Dead Meat | Day 5
Page 7
“Not as far as I know.”
“How can a person with Alzheimer’s tell you anything about a virus then?”
“It’s a little technical to explain.”
“Try me—I had biology in college.”
She says it as a joke, but Michael doesn’t seem to catch it. He leans forward.
“Whatever this thing is, it’s clear that it’s affecting the brain. All other vital organs seem to shut down once the patient reaches the final stage. In fact, they begin decaying, just like the rest of the body. The blood more or less coagulates, the muscles atrophy, the bones even turn brittle. That’s why they have a hard time moving normally; for all intents and purposes, they’re corpses walking around.”
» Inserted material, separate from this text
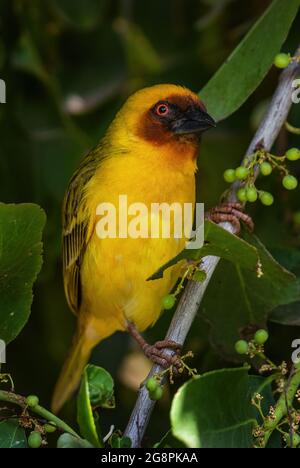 Vitelline Maskenweber - Ploceus vitellinus, schöner gelber Sitzvogel aus afrikanischen Wäldern und Gärten, See Ziway, Äthiopien. Stockfoto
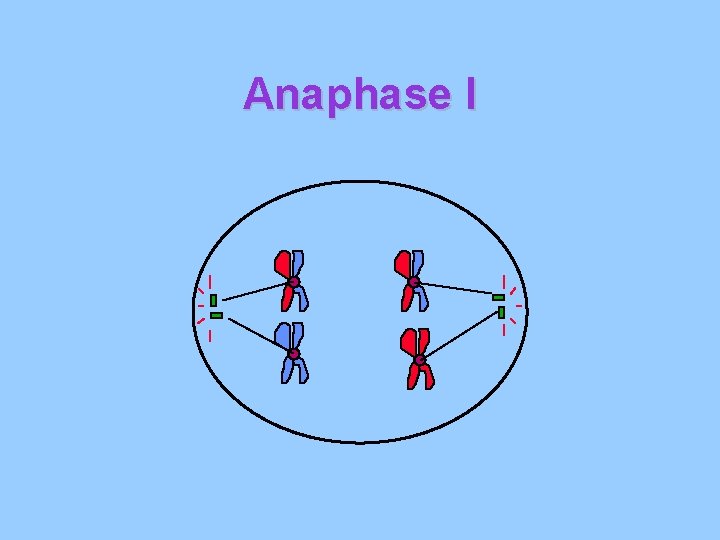 Anaphase I Anaphase I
Josefine feels an involuntary shiver.
Michael is too busy talking to notice. “For some unknown reason, the virus is able to highjack the motor cortex and keep it running even after everything else has been shut down. That’s why it has zero effect when the police use rubber bullets and tear gas to try and pacify them. The only thing stopping an infected person is either damaging the brain or cutting it off from the rest of the nervous system.”
Josefine flinches. “Do you mean, like … decapitation? That’s brutal! Has anyone done that?”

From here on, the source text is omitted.